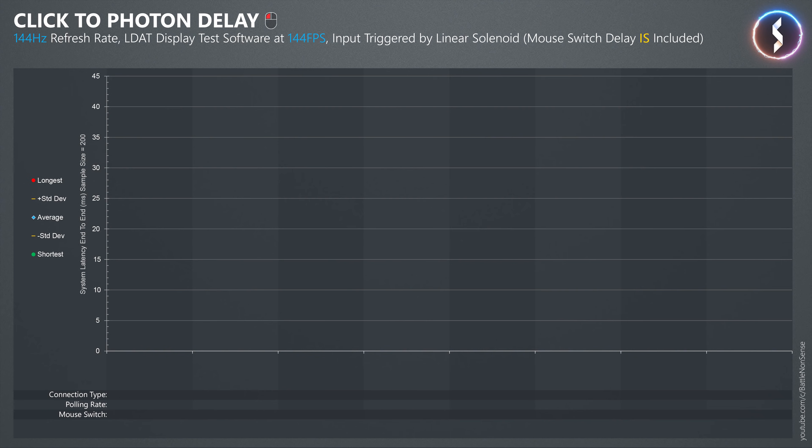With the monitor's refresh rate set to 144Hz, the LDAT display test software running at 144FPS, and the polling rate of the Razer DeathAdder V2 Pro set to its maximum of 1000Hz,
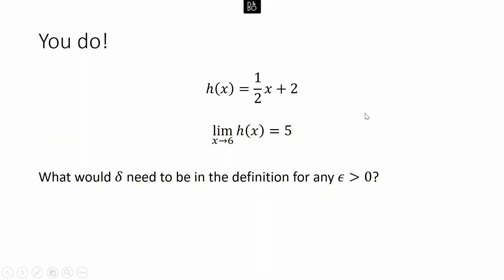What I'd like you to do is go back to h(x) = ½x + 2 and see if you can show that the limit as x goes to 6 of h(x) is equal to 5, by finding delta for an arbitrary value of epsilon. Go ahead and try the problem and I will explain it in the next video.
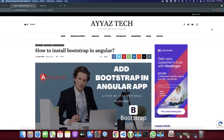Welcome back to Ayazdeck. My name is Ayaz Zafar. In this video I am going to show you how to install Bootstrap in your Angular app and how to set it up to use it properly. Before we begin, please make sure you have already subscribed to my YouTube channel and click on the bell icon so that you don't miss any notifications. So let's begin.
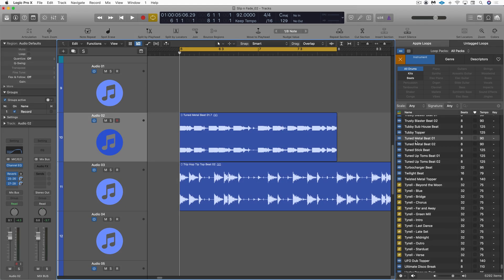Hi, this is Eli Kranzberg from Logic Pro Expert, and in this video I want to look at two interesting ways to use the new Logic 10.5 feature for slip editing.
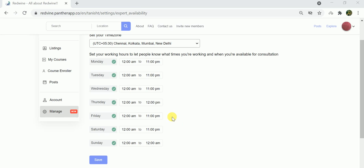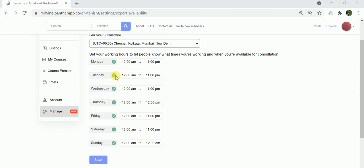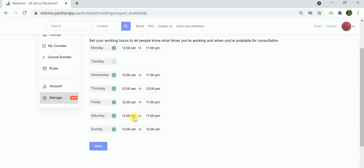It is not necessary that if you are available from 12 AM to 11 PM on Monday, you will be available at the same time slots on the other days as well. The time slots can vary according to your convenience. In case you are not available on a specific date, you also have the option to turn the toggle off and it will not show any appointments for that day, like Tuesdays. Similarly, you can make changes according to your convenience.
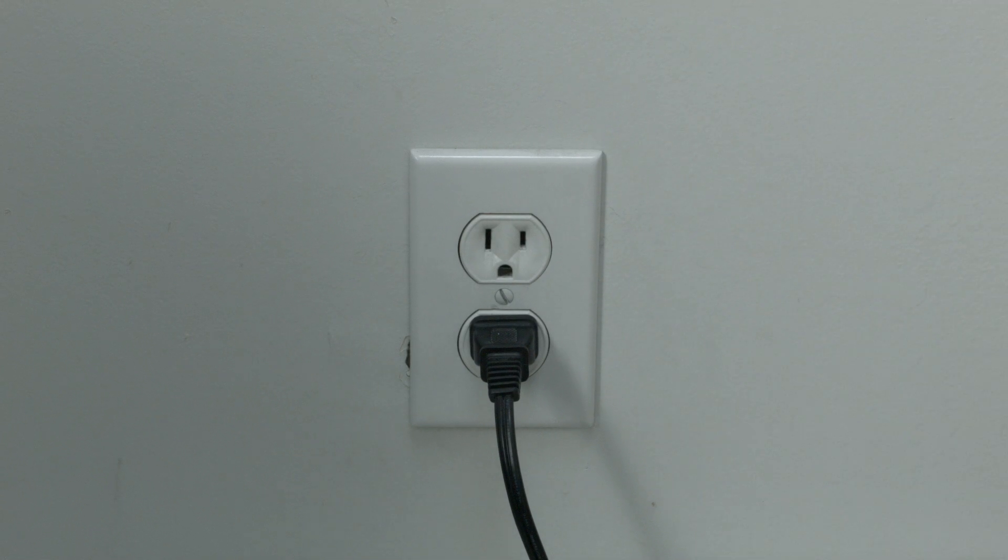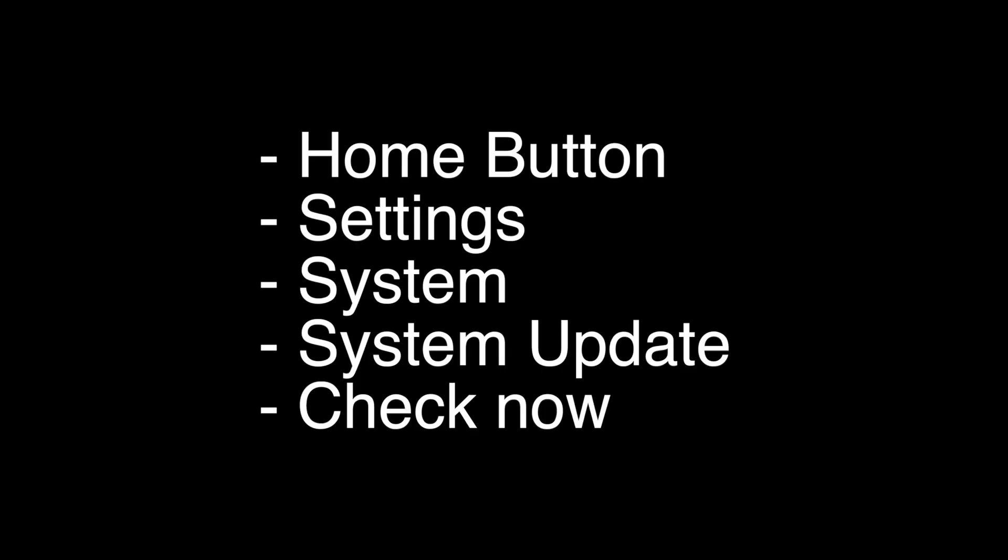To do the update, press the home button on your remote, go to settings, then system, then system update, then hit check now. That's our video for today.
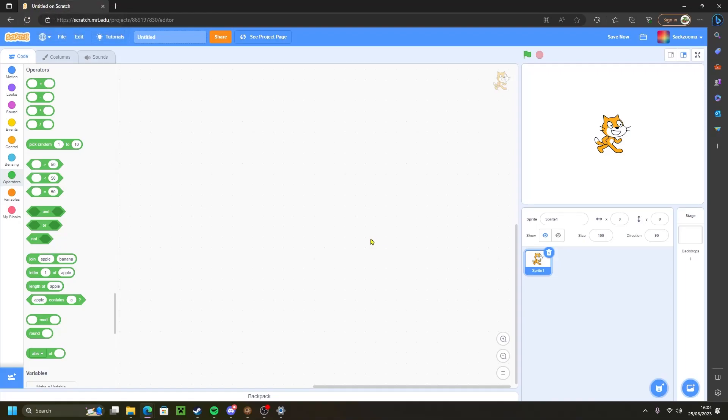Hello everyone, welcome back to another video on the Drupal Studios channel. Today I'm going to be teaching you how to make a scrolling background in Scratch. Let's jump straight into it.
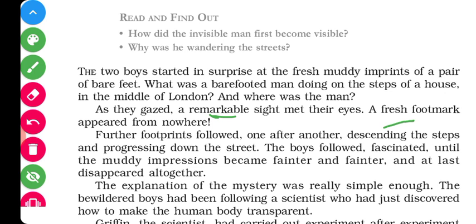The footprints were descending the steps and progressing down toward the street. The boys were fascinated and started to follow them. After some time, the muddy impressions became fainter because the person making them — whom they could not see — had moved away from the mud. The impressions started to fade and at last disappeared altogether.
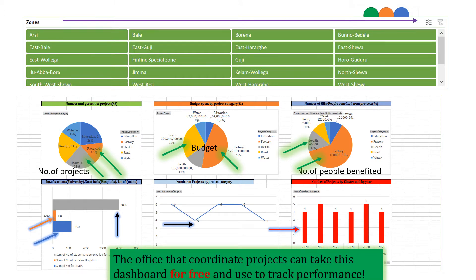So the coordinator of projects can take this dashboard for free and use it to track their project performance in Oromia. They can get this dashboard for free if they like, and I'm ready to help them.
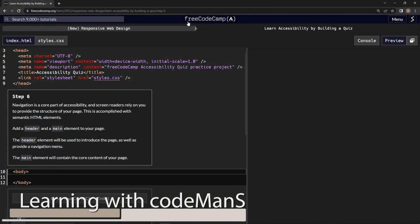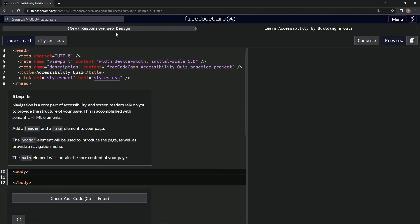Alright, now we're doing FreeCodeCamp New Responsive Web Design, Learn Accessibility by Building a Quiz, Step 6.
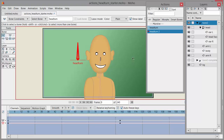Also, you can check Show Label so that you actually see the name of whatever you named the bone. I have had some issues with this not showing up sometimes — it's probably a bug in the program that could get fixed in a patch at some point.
===
▸ **ACTION ITEM**: Find the line that contains "Alright, now we're", then write out that line and each one after it, exactly and with nothing else, through the end of the entries above, without the pictures.

▸ **RESPONSE**:
Alright, now we're doing FreeCodeCamp New Responsive Web Design, Learn Accessibility by Building a Quiz, Step 6.
Also, you can check Show Label so that you actually see the name of whatever you named the bone. I have had some issues with this not showing up sometimes — it's probably a bug in the program that could get fixed in a patch at some point.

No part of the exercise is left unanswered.